How can Medicaid-funded services support children, youth, and families involved with child protection?
LESSONS FROM OTHER FIELDS
How can Medicaid-funded services support children, youth, and families involved with child protection?
Nearly all children and youth involved with a child protection agency are eligible for Medicaid, which is their primary source of funding for physical, behavioral, and dental health care. The extent to which the Medicaid benefit structure and service delivery system are customized for children in child protection is critical to whether states can meet the federally mandated goals of safety, permanency, and social and emotional well-being. It is well documented that children involved with child protection have significant health care needs. Nationally, their expenditures in Medicaid are driven more by behavioral health care than physical health care, illustrating the critical importance of effective Medicaid delivery systems in all facets of care.

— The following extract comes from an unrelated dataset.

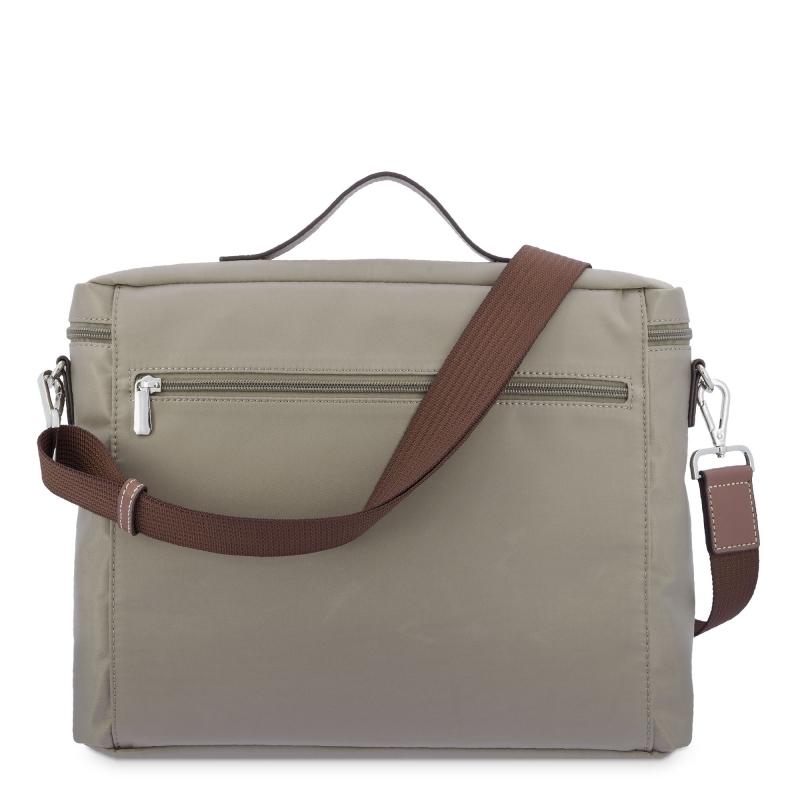 El potro Carpeta unisex en lona taupe y piel vacuno color cuero-Paris Los más vendidos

Some states have undertaken collaborative efforts across child protection, Medicaid, and behavioral health systems to ensure that Medicaid financing can help meet the needs of children and their caregivers. These collaborations can inform other states about effective Medicaid financing strategies and how to approach necessary systemic changes. This brief describes the fundamentals of Medicaid financing, covered services, and coverage of evidence-based practices as they relate to services for children and youth involved with a child protection agency.
Medicaid financing
Medicaid is jointly financed through a partnership between the federal government and states in which state funds are matched by federal funds to pay for services covered by Medicaid. State funds that are used for the match can come from various department budgets that consist of state general funds.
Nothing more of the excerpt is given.